Please restate the data that follows word for word, with the pictures left out.

Dataset content —
***

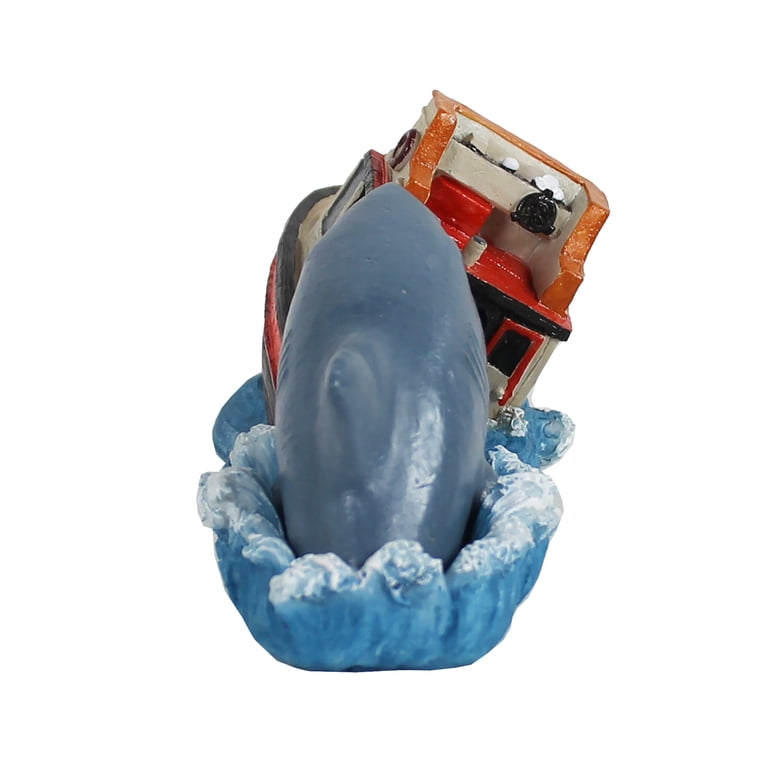 Penn-Plax Jaws Resin Aquarium Decor, Boat Attack Scene, Small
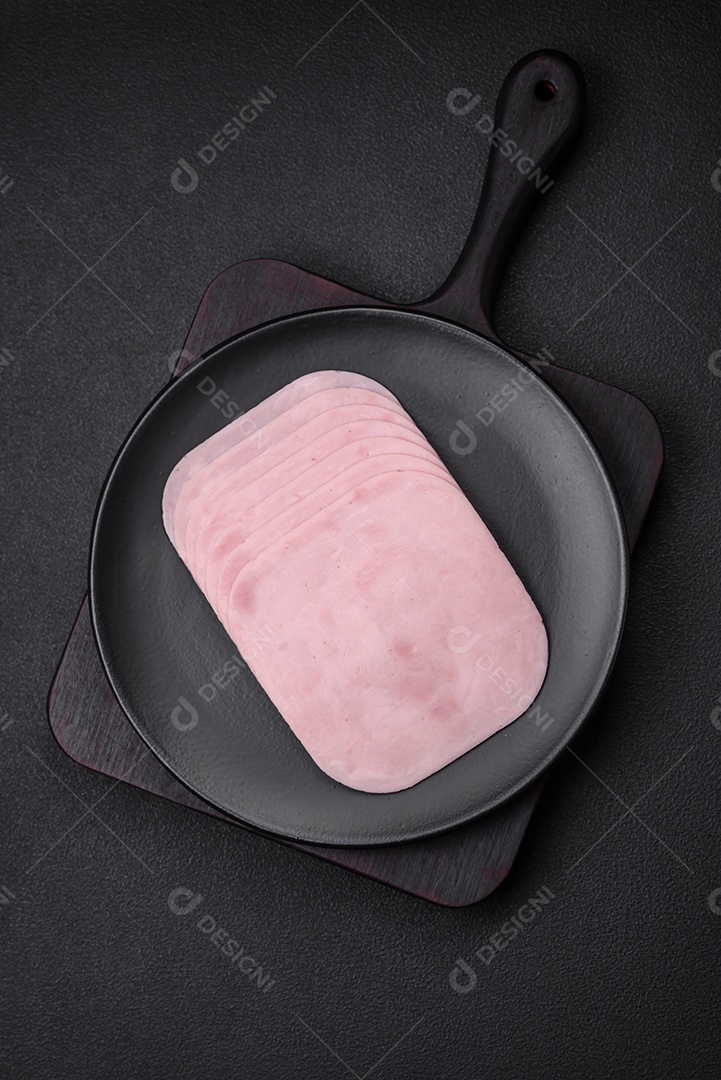 Delicioso presunto fatiado com sal, especiarias e ervas como ingredientes para fazer sanduíches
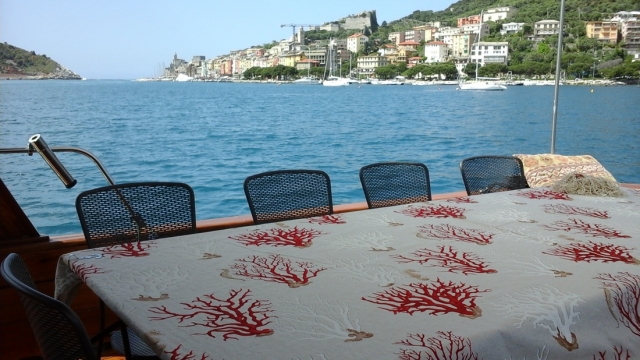  Todo listo para el almuerzo en el barco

***

Solution to this exercise —
 Penn-Plax Jaws Resin Aquarium Decor, Boat Attack Scene, Small
 Delicioso presunto fatiado com sal, especiarias e ervas como ingredientes para fazer sanduíches
  Todo listo para el almuerzo en el barco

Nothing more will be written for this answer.